Hello out there. We're considering the Chausson Flash models with a garage (04 and 11). They seem to have the payload, but the door size looks a bit tight. Does anyone know if it is possible to get a Scooter (125cc or so) in there (and out again of course!).
If anyone has any scooter recommendations they would also be gratefully received.
Thanks very much, the sharing of the collective wisdom is much appreciated.


----------



## gmberryman

Hi, Just bought a new flash 11 and the garage door is massive will easily take a 125 scooter i have a honda lead 100 and i have about a foot clearance above the handlebars to get it in and out having measured the honda dylan 125 i know that these will fit no problem i went for the honda lead as it takes two people no problem its 4 stroke so no oil to mix and much quieter and above all the lead is about half the price of a dylan second hand.


----------



## Jennifer

Have a look at the Kentucky range, very popular with motor cross competitors.

Jenny


----------



## Jezport

Dont forget to check the payload


----------



## Lesleykh

No advice to give - sorry - but the title made me smile because we call the tiny box area accessible from the back of the van our garage! You can get some boots, the leads and hose in there, but no vehicle!

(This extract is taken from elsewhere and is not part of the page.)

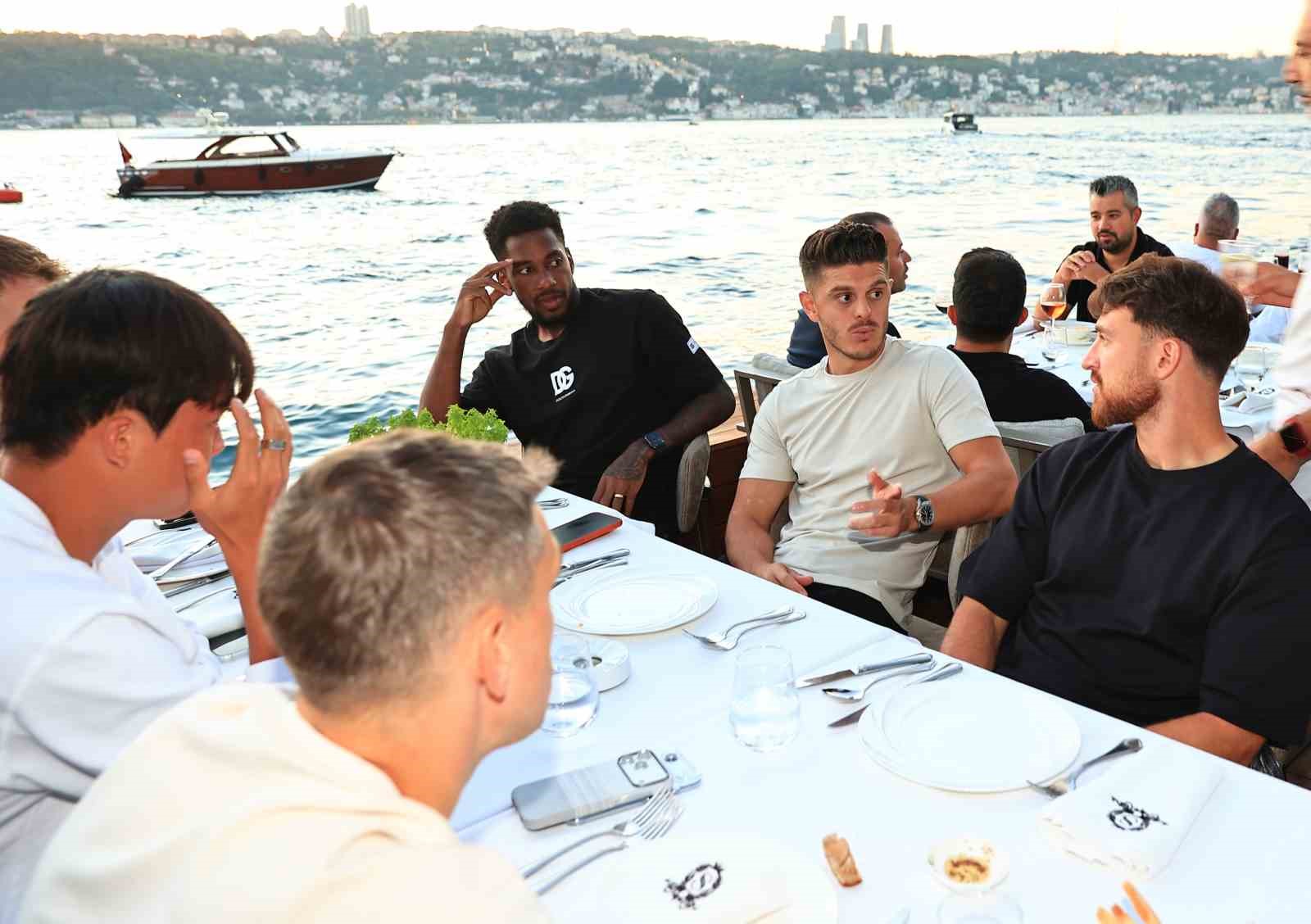 BEŞİKTAŞ FUTBOL A TAKIMI OYUNCULARI VE TEKNİK EKİP, TEKNİK DİREKTÖR VİNCENZO ITALİANO'NUN EV SAHİPLİĞİNDE AKŞAM YEMEĞİNDE BİR ARAYA GELDİ.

Come to think of it we regularly miscall the cellar "the garage".

Maybe it's time to just give up and accept we are middle aged and our brains are becoming addled!

L x


----------



## FordPrefect

Wow, thanks for such prompt replies! In particular thanks for taking the trouble gmberryman to give such succinct guidance. Its great to know that help is at hand, and we hope to pass some on in the future.


----------



## milfy

gmberryman said:


> Hi, Just bought a new flash 11 and the garage door is massive will easily take a 125 scooter i have a honda lead 100 and i have about a foot clearance above the handlebars to get it in and out having measured the honda dylan 125 i know that these will fit no problem i went for the honda lead as it takes two people no problem its 4 stroke so no oil to mix and much quieter and above all the lead is about half the price of a dylan second hand.

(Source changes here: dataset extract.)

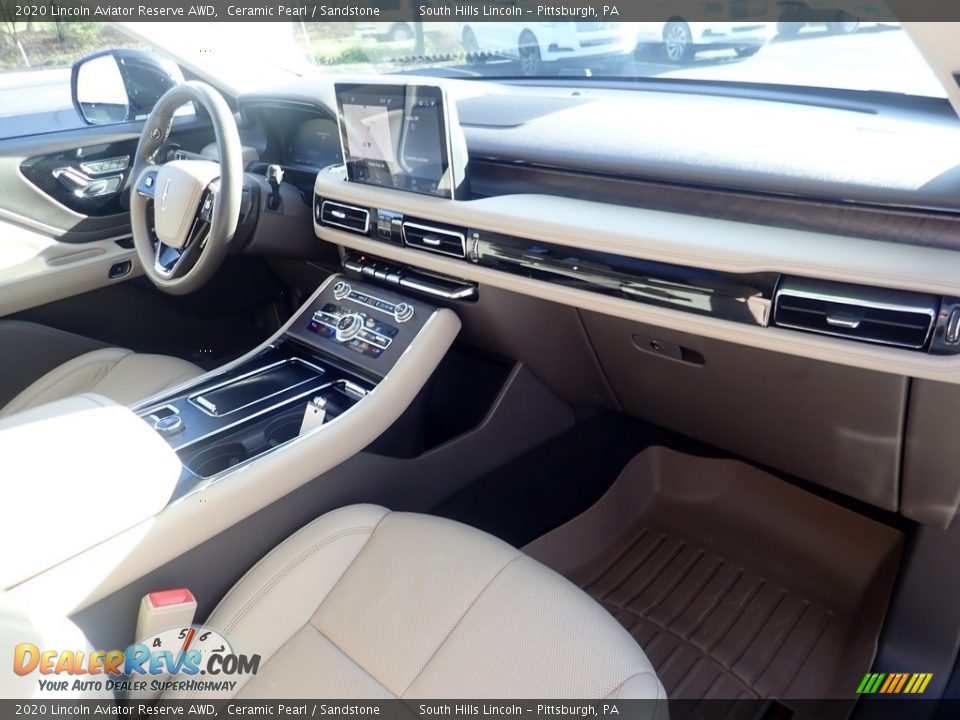 Dashboard of 2020 Lincoln Aviator Reserve AWD Photo #12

you need a scooter in yours as it breaks down :lol: :lol: :lol:

you can fit a motocross bike or a ducati in the back no problem and they carry them no problem the flash 11 door is 3 inches high than my oddessey 92 with the bed on top runners


----------



## ShinyFiat

When is a garage not a garage?

when your dog cant pee in it :lol: :lol: :lol:


----------



## pneumatician

*garage*

Not if you can't :-

Get a car, two motorbikes, two bicycles, washing machine, tumble dryer, tools and several model aircraft in it.

It is then the Boot. 
Our boot contains one little motorbike, required camping equipment, awning and either model aircraft or boat.

You can of course call the empty void what you like.

Steve


----------